As is explained in Removing left recursion , there are two ways to remove the left recursion.

  • Modify the original grammar to remove the left recursion using some procedure
  • Write the grammar originally not to have the left recursion

What people normally use for removing (not having) the left recursion with ANTLR? I've used flex/bison for parser, but I need to use ANTLR. The only thing I'm concerned about using ANTLR (or LL parser in genearal) is left recursion removal.

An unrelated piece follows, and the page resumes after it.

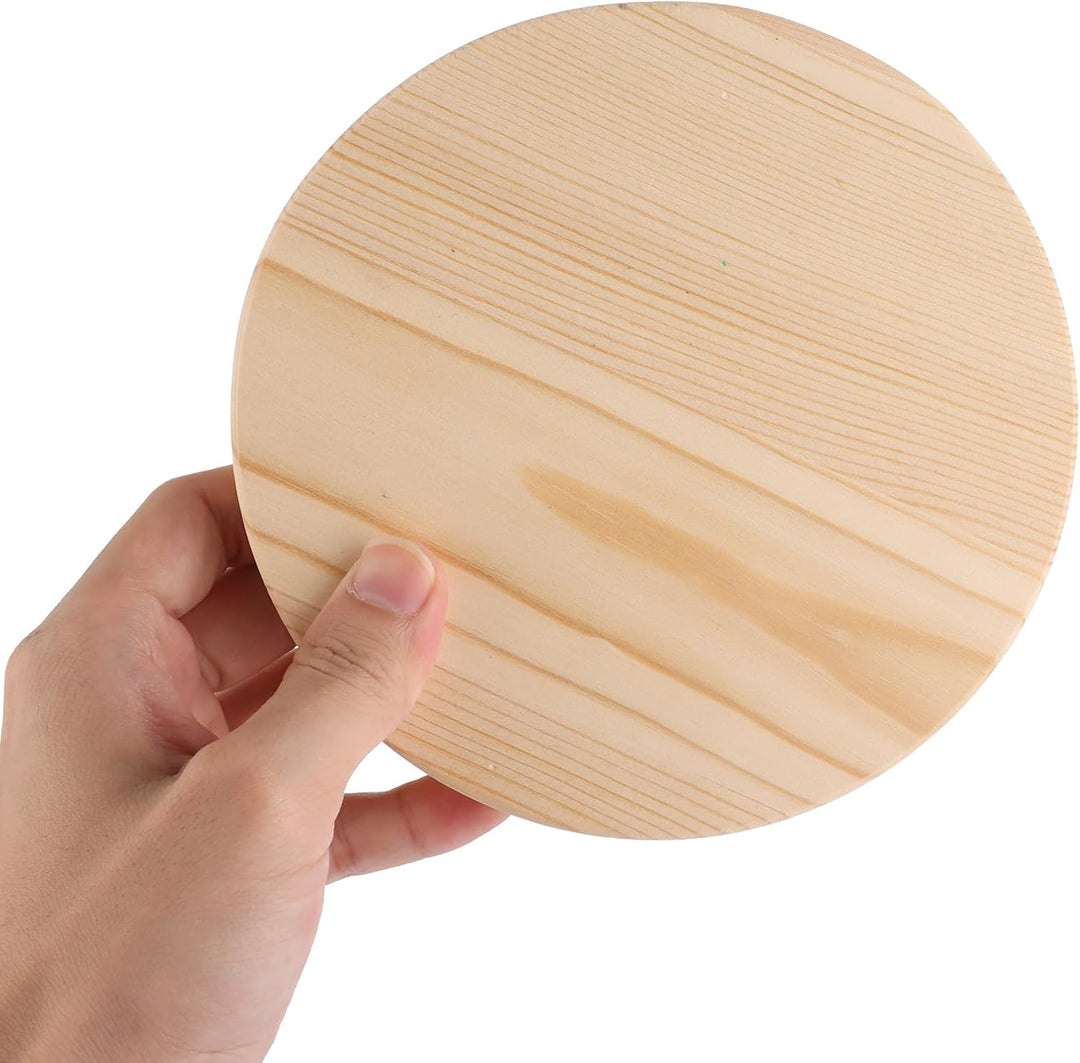 SHUESS 6 Stück Holzscheiben 20 cm Durchmesser, Baumscheiben 20 cm aus Kiefernholz, Holzplatte rund 1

  • In practical sense, how serious of removing left recursion in ANTLR? Is this a showstopper in using ANTLR? Or, nobody cares about it in ANTLR community?
  • I like the idea of AST generation of ANTLR. In terms of getting AST quick and easy way, which method (out of the 2 removing left recursion methods) is preferable?

Added

I did some experiment with the following grammar.

E -> E + T|T
T -> T * F|F
F -> INT | ( E )

After left recursion removal, I get the following one

E -> TE'
E' -> null | + TE'
T -> FT'
T' -> null | * FT'

I could come up with the following ANTLR representation. Even though, It's relatively pretty simple and straightforward, it seems the grammar that doesn't have the left recursion should be the better way to go.

grammar T;

options {
    language=Python;
}

start returns [value]
   : e {$value = $e.value};
e returns [value]
   : t ep  
     {
       $value = $t.value
       if $ep.value != None:
         $value += $ep.value
     }
   ;
ep returns [value]
   : {$value = None}
   | '+' t r = ep 
     {
       $value = $t.value
       if $r.value != None:
            $value += $r.value
     }
   ;
t returns [value]
  : f tp 
    {
      $value = $f.value
      if $tp.value != None:
        $value *= $tp.value
    }
  ;
tp returns [value]
  : {$value = None}
  | '*' f r = tp 
    {
      $value = $f.value;
      if $r.value != None:
        $value *= $r.value
    }
  ;
f returns [int value]
  : INT {$value = int($INT.text)}
  | '(' e ')' {$value = $e.value}
  ;

INT :   '0'..'9'+ ;
WS: (' '|'\n'|'\r')+ {$channel=HIDDEN;} ;

Solution

  • Consider something like a typical parameter list:

    parameter_list: parameter
                  | parameter_list ',' parameter
                  ;
    

    Since you don't care about anything like precedence or associativity with parameters, this is fairly easy to convert to right recursion, at the expense of adding an extra production:

    parameter_list: parameter more_params
                  ;
    
    more_params:
               | ',' parameter more_params
               ;
    

    For the most serious cases, you might want to spend some time in the Dragon Book. Doing a quick check, this is covered primarily in chapter 4.

    As far as seriousness goes, I'm pretty sure ANTLR simply won't accept a grammar that contains left recursion, which would put it into the "absolute necessity" category.